Southwest Care Center is seeking a full-time Medical Case Manager for our Santa Fe & Albuquerque clinics. This is a hybrid remote position, with the opportunity to work two days in clinic and three days remote. The role involves completing intakes, assessing client needs, linking clients to services, coordinating care, and ensuring viral load suppression for clients living with HIV/AIDS. The position requires a commitment to inclusivity and diversity, maintaining confidentiality, and meeting performance standards. The Medical Case Manager will document client interactions in the electronic health record and collaborate with clinical staff for prior authorizations.

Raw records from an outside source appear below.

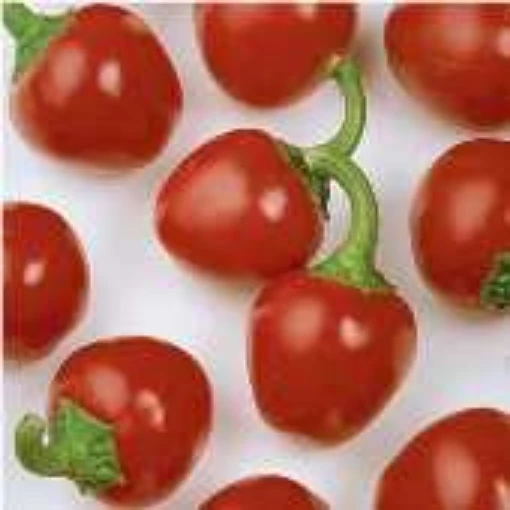 Cherry Pick Peppers SP191-10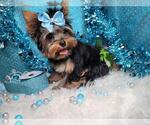 Small #26 Breeder Profile image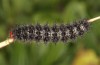 Melitaea ornata: Larva in the ultimate instar (e.o. N-Hungary, 2021-2022) [S]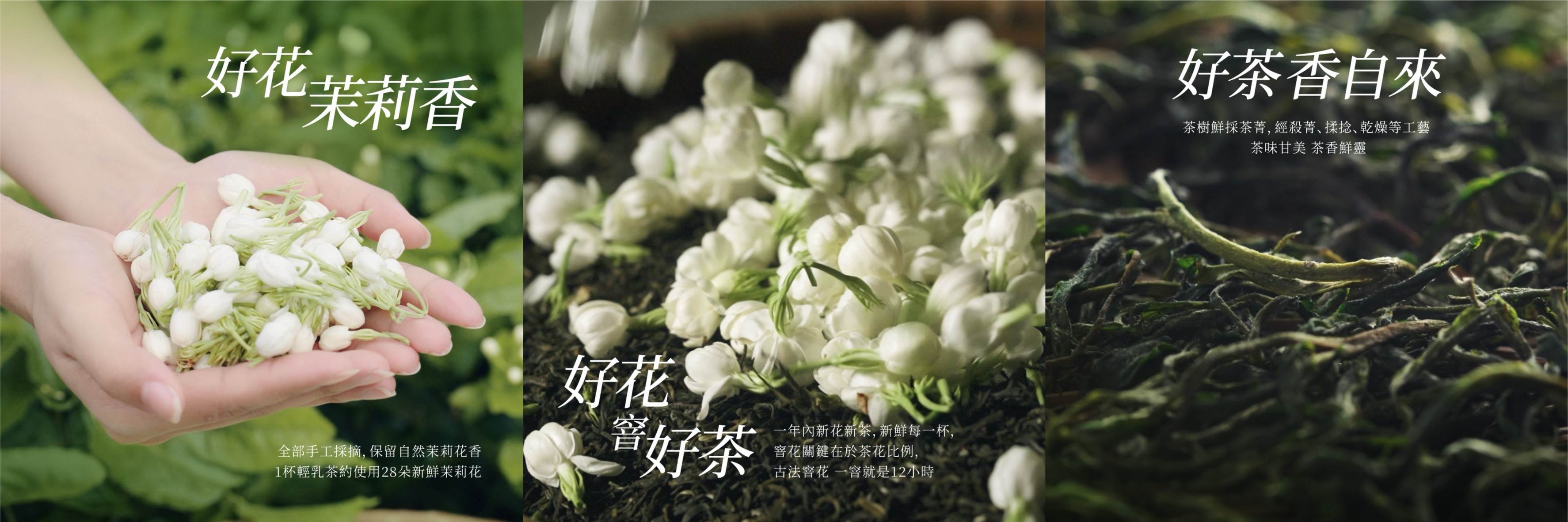 28茉輕乳茶6/17全台上市。（圖／CoCo都可提供）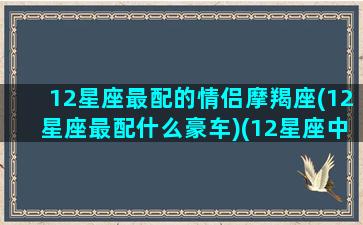 12星座最配的情侣摩羯座(12星座最配什么豪车)(12星座中最配的情侣)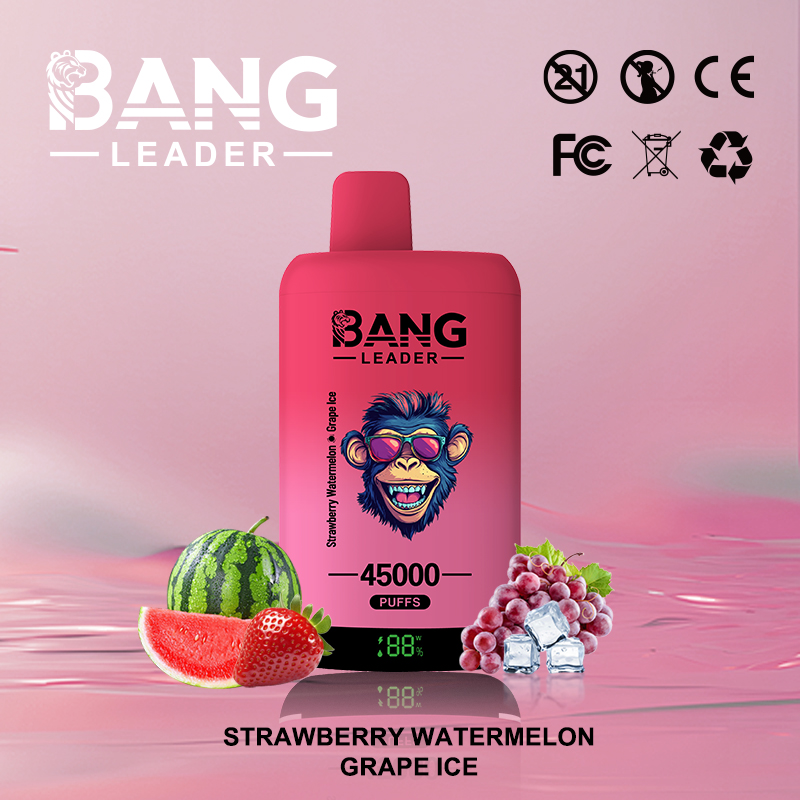 Bang Leader 45K Disposable Vape(3 pieces)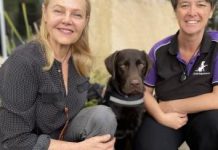 New vehicle will bring relief to PTSD sufferers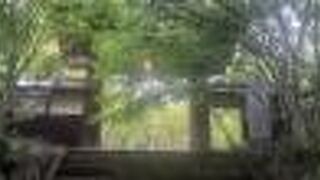 寺めぐり遊歩道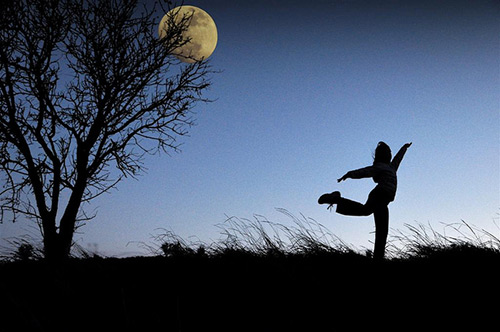 29 Beautiful Examples of Silhouette Photography - The Photo Argus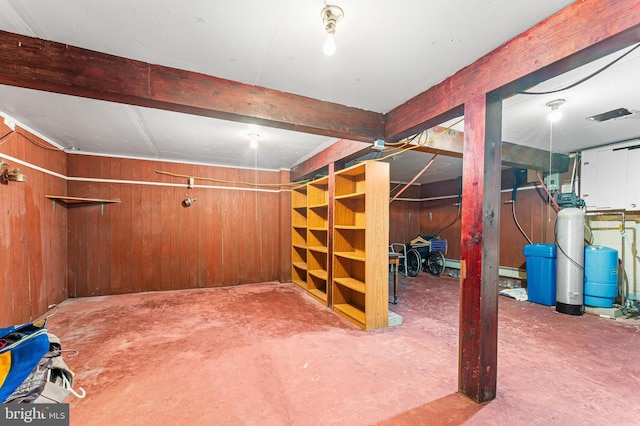 basement featuring wooden walls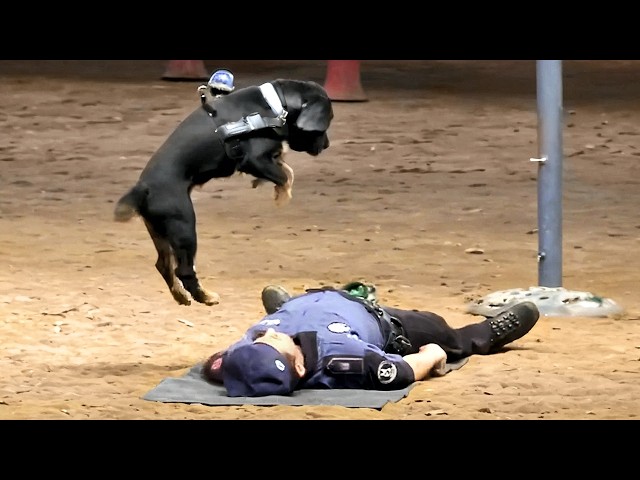 Proof That We Don’t Deserve Dogs SDDEFAULT Thumbnail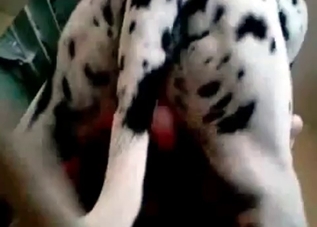 Big hound is fucking a zoophile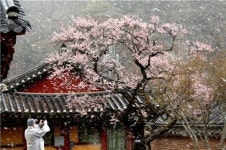 산·꽃··숲길…그 속에 즐거움이 있다네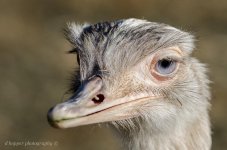 DSC_1745.jpg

A strong understanding of applicable grants, regulatory requirements, and patient counseling is necessary.

Requirements

  • Bachelors of Social Work (BSW) or Masters of Social Work (MSW); or Bachelor’s degree from an accredited college or university + 2 years of exp. working with HIV diagnosed populations, chronic illness populations, or underserved populations; or Associates or Certified Community Health Worker + 2 years of exp. working with HIV diagnosed populations, chronic illness populations, or underserved populations; or High School Diploma or Equivalent + 4 years of exp. working with HIV diagnosed populations, chronic illness populations, or underserved populations.
  • Education above the minimum requirements can be substituted on a year for year basis.
  • NM DOH Counseling, testing and referral services certification (provided upon hire)
  • NM DOH Harm Reduction and Prevention Certification (provided upon hire)
  • Basic Life Support (BLS)

Responsibilities

  • Complete an intake with people living with HIV/AIDs interested in case management services, assessing client-specific information, barriers to care, and urgent needs.
  • Work with peers and team members to orient the client/patient to the organization, including site tours, overview of available resources, and introductions to the treatment team, wrap-around teams, and others.
  • Meet with clients/patients to complete additional intake paperwork, authorizations, and consents based upon desired services.
  • Provide clients/patients with linkage to an insurance assister if needed, obtain required documentation, and assist with applications for medication assistance or ADAP as needed.
  • Promote client/patient access to internal agency services including support groups, housing services, food programs, behavioral wellness, substance use treatment, and medical care.
  • Be responsible and accountable for coordinating all aspects of client/patient care as listed on the service plan.
  • Provide Medical and Non-Medical case management for enrolled clients/patients with the specific goals of achieving and maintaining viral load suppression.
  • Schedule client/patient appointments with required staff at SCC, identify available community-based resources, and actively manage appropriate referrals, access, engagement, follow-up, and coordination of services identified on the service plan.
  • Conduct engagement services (including hospital visits, reminder phone calls, transportation, etc.) to increase the likelihood that clients/patients will attend appointments at SCC and follow up with clients/patients regarding missed appointments.
  • Conduct assessments, re-assessments, case conferences, and service plan development with the client/patient and multidisciplinary team to reduce barriers to retention and adherence.
  • Ensure that all client/patient interactions are documented in the client/patient electronic health record and e2NM within the designated time frame.
  • Be responsible for contacting and tracking clients/patients who are not virally suppressed and lost to care.
  • Coordinate case conferences/communication to address client/patient needs, ensuring a case conference/communication with the treatment team for all clients/patients who are lost to care.
  • Based on outcomes of case conferences/communication, link clients/patients to services such as the Treatment Adherence Program, Behavioral Wellness, partner notification, health education, housing, transportation assistance, etc.
  • Respect and support inclusiveness and diversity, including but not limited to individuals of diverse backgrounds, cultures, races, ages, sexual orientations, gender identities or expressions, transgender, experiences, opinions, etc.
  • Demonstrate commitment to SCC’s behaviors and business impacts and model them in the organization.
  • Maintain the confidentiality of all client/patient, employee protected, and proprietary information.
  • Meet the performance standards of their department and participate as requested in compliance audits, process improvement, and quality improvement plans.
  • Perform routine and appropriate documentation in the electronic health record of client/patient barriers to care, progress, care plans, changes, and notes to ensure SCC can adequately report in the Ryan White Services Report (RSR).
  • Perform identified prior authorizations; collaborate with clinical staff and providers for necessary supporting documentation.
  • Maintain an appropriate level of working knowledge regarding applicable grants and other program funds, regulatory requirements (such as FQHC, PCMH); patient counseling, guidance and all documentation are consistent with meeting such requirements.
  • Perform other duties as assigned.

Benefits

  • Generous time off plans including sick and holidays.
  • Tuition reimbursement and other professional development programs.
  • Full benefits package including medical, dental, vision, 401k, supplemental life and spousal coverages, employer paid disability, and access to the 340B prescription program if a patient at SCC.